Other Information: Many exotic birds are protected species. The Guyana Ministry of Agriculture will permit only those persons who have been legally residing in Guyana for more than a year to take an exotic bird out of the country when they leave. Americans taking exotic birds out of the country, including pets, listed in appendices I, II, and III of the Convention on International Trade in Endangered Species (CITES), must have a Wild Bird Conservation Act (WBCA) import permit from the U.S. Fish and Wildlife Service (USFWS), in order for the bird or pet to be imported into the United States. Please note that this is a U.S. regulation that applies, regardless of CITES distinctions, among the three appendices. U.S. residents and non-residents continue to arrive at U.S. ports of entry without WBCA permits and encounter difficulties. Individuals can obtain WBCA fact sheets and permit applications from the USFWS Office of Management Authority, Branch of Permits, 4401 North Fairfax Drive, Arlington, Virginia 22203, telephone (703) 358-2104, fax (703) 358-2281.

U.S. citizens are advised to exchange currency only with banks, hotels and established money exchange houses. Many foreigners who opt to exchange money on the streets, lured by promises of higher exchange rates, are increasingly becoming victims of currency fraud. There is no legal recourse unless the police are successful in apprehending the person and then there is no guarantee that the money will be recovered. Street vendors usually offer rates very near to bank or cambio rates, so there is little advantage to be gained by changing money outside the formal system.

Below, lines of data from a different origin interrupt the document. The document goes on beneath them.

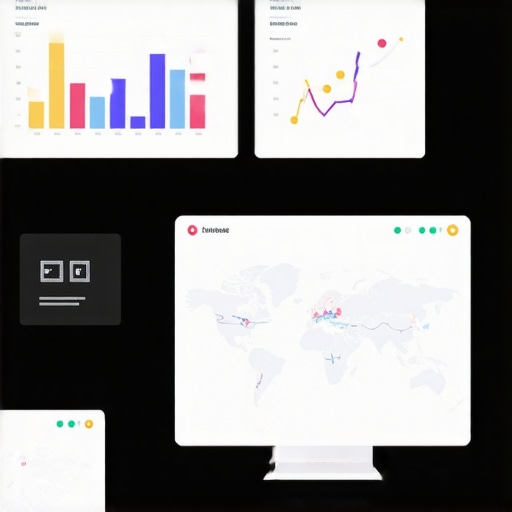 Dashboard with charts and maps showing local search performance metrics.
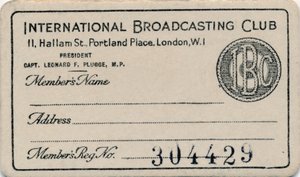 International Broadcasting Club: Mitgliedskarte, um 1930er Jahre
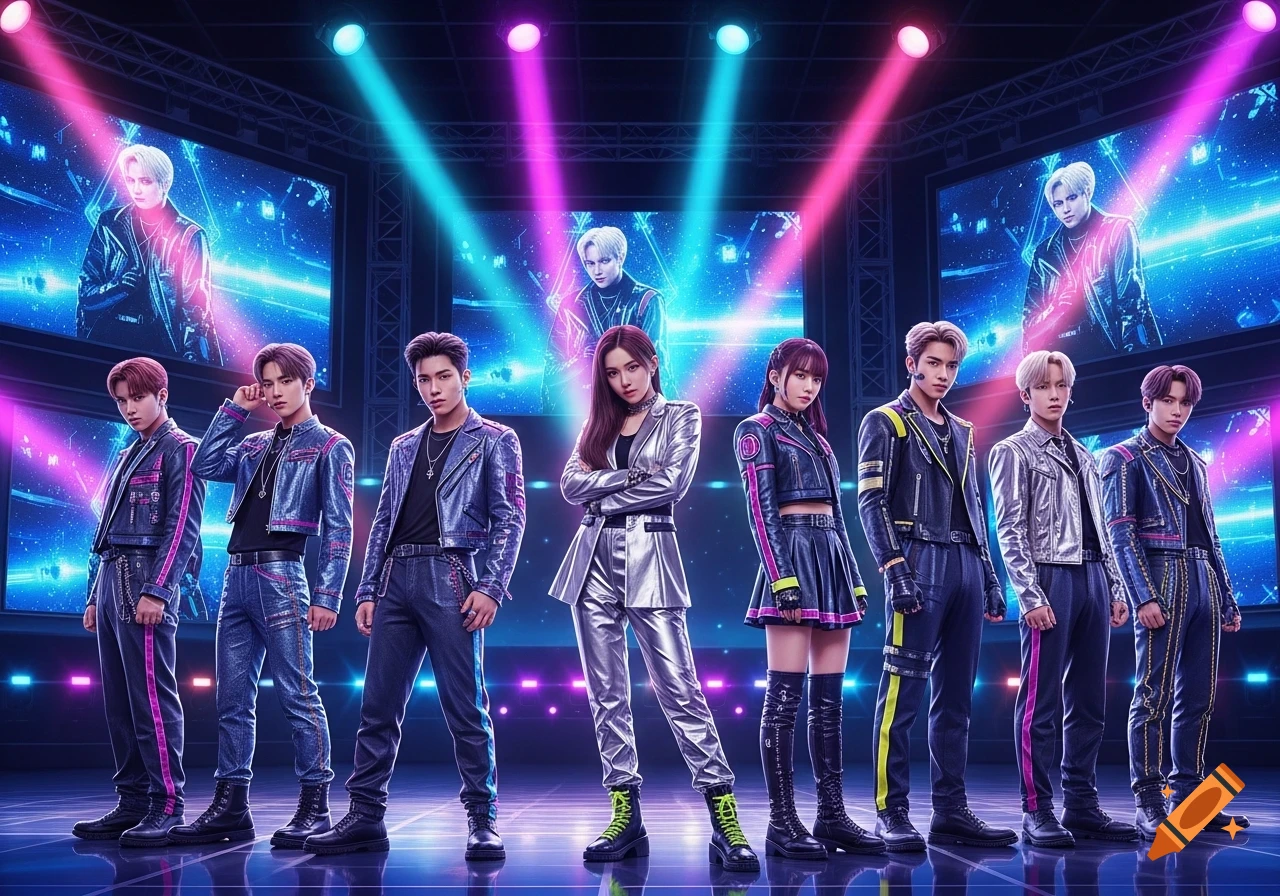 A K-pop group with 8 male and 1 female members in metallic and leather outfits on a brightly lit stage with large screens.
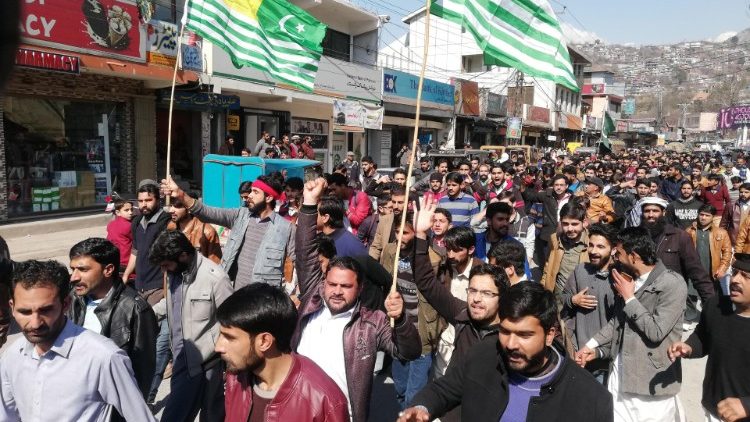Une manifestations d'habitants du Cashemire pakistanais contre le gouvernement indien, le 27 février 2019. 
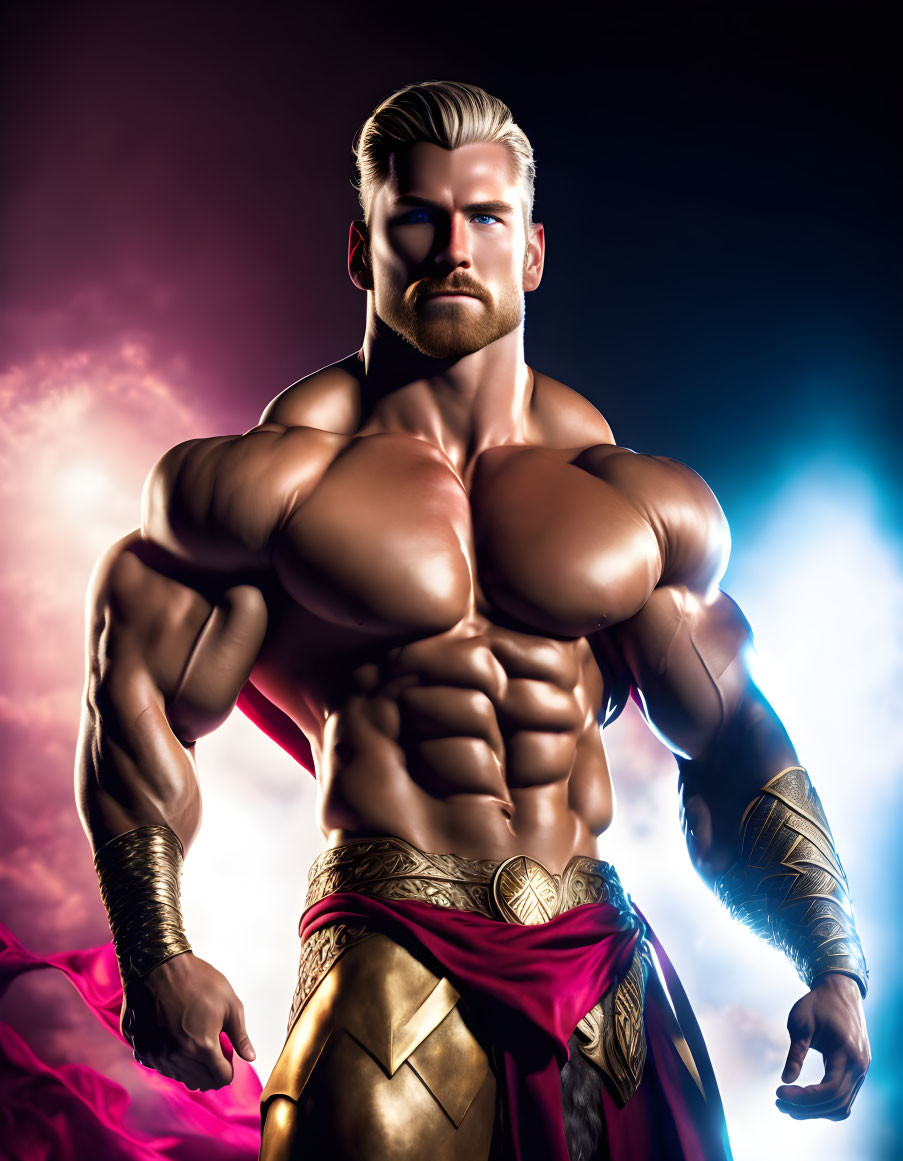 Blond Male Superhero in Red Cape and Golden Armor Stand pose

Drug Penalties: U.S. citizens are subject to the laws of the country in which they are traveling. Criminal penalties for possession, use, and dealing in illegal drugs are strict, even for small amounts. If convicted by the Guyana courts, offenders can expect lengthy jail sentences and high fines.

Traffic Safety/Road Conditions: Road conditions throughout the country are poor. Mini-bus drivers, who provide private transportation, generally do not adhere to traffic rules and regulations.

Civil Aviation Oversight: As a result of its January 1994 assessment, the U.S. Federal Aviation Administration (FAA) has found the government of Guyana's civil aviation authority to be in compliance with international aviation safety standards for oversight of Guyana's air carrier operations. For further information, travelers may contact the U.S. Department of Transportation within the United States at telephone 1-(800)-322-7873 or visit the FAA's home page

Embassy Location/Registration: U.S. citizens are encouraged to register with the Consular Section of the U.S. Embassy, located at 99-100 Duke Street, Kingston, Georgetown, telephone 02-54900 through 09. Office hours are 7:00 a.m. - 3:30 p.m., Monday - Friday. For emergencies, after hours, on weekends and holidays, U.S. citizens may call the U.S. Embassy duty officer at 02-62614, 02-68298, or 02-77868 and leave a message for pager number 5682. Updated information on travel and security conditions within Guyana may be obtained upon request or when registering at the U.S. Embassy.